Right, the point is it's not simply a leveraged delta position as you would normally have if you leveraged 2 or 3xs. It's also a position on volatility. That's why people say to be careful, since you think you are only exposed to the risk of leverage, though in reality you are exposed to additional risk. That's neither good nor bad - as with everything it depends on context.
Right, if something is designed mathematically to go to zero, such as these 2x and 3x ETF's, and the issuer must do reverse splits to keep them active, the risk is pretty obvious... however, what is obvious to some, may not be to everyone....thus the disclaimers from the issuers. Don
I agree - I trade 200% leveraged Russell 2000 and S&P500 ProShares ETF's with 1 to 3 day holds and it works very good.

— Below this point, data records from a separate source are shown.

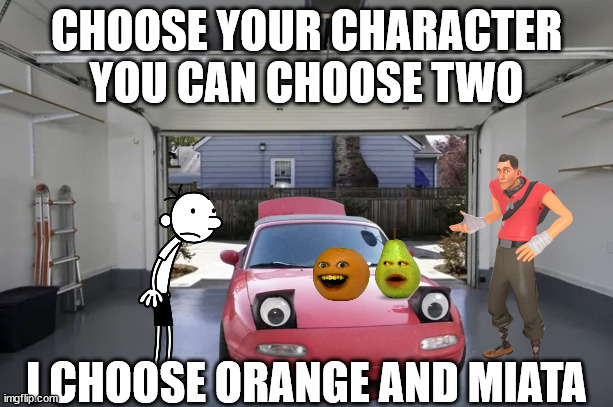 open garage | CHOOSE YOUR CHARACTER YOU CAN CHOOSE TWO; I CHOOSE ORANGE AND MIATA | image tagged in open garage | made w/ Imgflip meme maker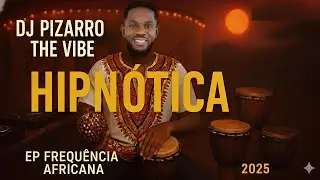 Hipnótica - Afro Tech House - Dj Pizarro The Vibe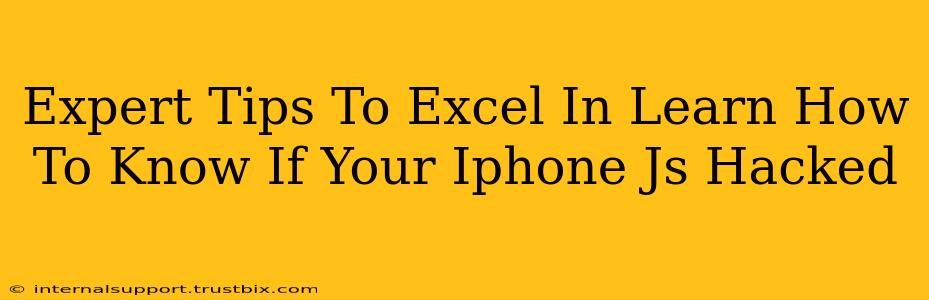 Expert Tips To Excel In Learn How To Know If Your Iphone Js Hacked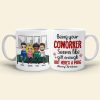 Being Your Coworker Seems Like Christmas Gift Enough Personalized Coffee Mug Being Your Coworker Seems Like Christmas Gift Enough Personalized Coffee Mug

Volatility is not against against you. Market: +10%, +10% 2x Leveraged: +20%, +20% net return market: +21% 2x leveraged: +44% 44 > 21 x 2 So volatility can be with or against you
Just a math question for you smart guys... start with $100. Add 10%. then take away 10% from that sum. Repeat a few times... then do it with 2x and 3x. Seriously, show me some answers..... (not a trick or anything, just making sure you guys get my point. Up 10 and down 10 is not excess volatility, just sample movements). Don
May have gotten tied up while reading before posting. But, yes, even flat volatility can cause a fall, so excess can certainly cause more downside. Don
No, If the volatility continues in the same direction the return is greater. Market: +10%, +10% 2x Leveraged: +20%, +20% net return market: +21% 2x leveraged: +44% The market was up a total of 21 percent but the ETF was up 44 percent which MORE than double the market. It is similar if the market continues down: Market: -10%, -10% 2x Leveraged: -20%, -20% Market total loss: -%19 2x Leverage Total loss: -36% A loss of 36 percent is LESS than double of nineteen percent.